*Task brief*: Exactly the lines from the first line of the listing through the line containing "Jednorázová papierová misa" should appear in the output, unchanged.

*Data to examine*:
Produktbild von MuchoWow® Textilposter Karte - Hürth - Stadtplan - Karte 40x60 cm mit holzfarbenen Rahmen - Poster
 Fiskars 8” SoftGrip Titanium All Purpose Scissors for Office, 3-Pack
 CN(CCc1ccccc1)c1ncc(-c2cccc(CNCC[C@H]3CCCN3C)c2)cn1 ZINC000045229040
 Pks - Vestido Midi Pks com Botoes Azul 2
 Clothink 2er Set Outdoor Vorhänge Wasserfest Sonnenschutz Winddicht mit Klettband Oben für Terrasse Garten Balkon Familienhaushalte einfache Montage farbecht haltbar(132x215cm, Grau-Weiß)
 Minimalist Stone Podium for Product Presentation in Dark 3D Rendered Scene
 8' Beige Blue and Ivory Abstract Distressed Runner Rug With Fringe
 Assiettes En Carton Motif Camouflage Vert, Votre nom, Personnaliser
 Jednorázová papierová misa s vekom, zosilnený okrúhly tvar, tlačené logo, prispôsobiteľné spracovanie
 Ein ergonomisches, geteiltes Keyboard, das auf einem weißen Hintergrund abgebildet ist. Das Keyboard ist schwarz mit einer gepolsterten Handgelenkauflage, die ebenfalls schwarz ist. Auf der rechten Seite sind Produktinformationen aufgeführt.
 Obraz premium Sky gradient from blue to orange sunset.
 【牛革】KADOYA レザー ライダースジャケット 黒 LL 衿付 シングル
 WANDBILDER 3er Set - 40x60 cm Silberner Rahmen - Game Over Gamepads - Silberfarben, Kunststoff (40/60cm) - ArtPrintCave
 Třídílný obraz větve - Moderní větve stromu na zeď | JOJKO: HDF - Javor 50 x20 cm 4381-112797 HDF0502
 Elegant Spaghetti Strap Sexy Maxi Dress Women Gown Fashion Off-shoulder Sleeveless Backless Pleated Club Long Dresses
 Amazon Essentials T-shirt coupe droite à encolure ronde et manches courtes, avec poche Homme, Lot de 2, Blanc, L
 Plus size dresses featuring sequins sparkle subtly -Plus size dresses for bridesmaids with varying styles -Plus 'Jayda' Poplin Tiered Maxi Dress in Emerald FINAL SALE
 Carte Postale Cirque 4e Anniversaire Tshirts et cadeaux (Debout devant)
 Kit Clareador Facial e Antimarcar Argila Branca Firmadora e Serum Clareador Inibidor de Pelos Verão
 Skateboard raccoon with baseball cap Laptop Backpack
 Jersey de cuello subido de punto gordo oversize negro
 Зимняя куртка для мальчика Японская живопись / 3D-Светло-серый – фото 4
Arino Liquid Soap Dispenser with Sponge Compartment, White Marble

*Written answer*:
Produktbild von MuchoWow® Textilposter Karte - Hürth - Stadtplan - Karte 40x60 cm mit holzfarbenen Rahmen - Poster
 Fiskars 8” SoftGrip Titanium All Purpose Scissors for Office, 3-Pack
 CN(CCc1ccccc1)c1ncc(-c2cccc(CNCC[C@H]3CCCN3C)c2)cn1 ZINC000045229040
 Pks - Vestido Midi Pks com Botoes Azul 2
 Clothink 2er Set Outdoor Vorhänge Wasserfest Sonnenschutz Winddicht mit Klettband Oben für Terrasse Garten Balkon Familienhaushalte einfache Montage farbecht haltbar(132x215cm, Grau-Weiß)
 Minimalist Stone Podium for Product Presentation in Dark 3D Rendered Scene
 8' Beige Blue and Ivory Abstract Distressed Runner Rug With Fringe
 Assiettes En Carton Motif Camouflage Vert, Votre nom, Personnaliser
 Jednorázová papierová misa s vekom, zosilnený okrúhly tvar, tlačené logo, prispôsobiteľné spracovanie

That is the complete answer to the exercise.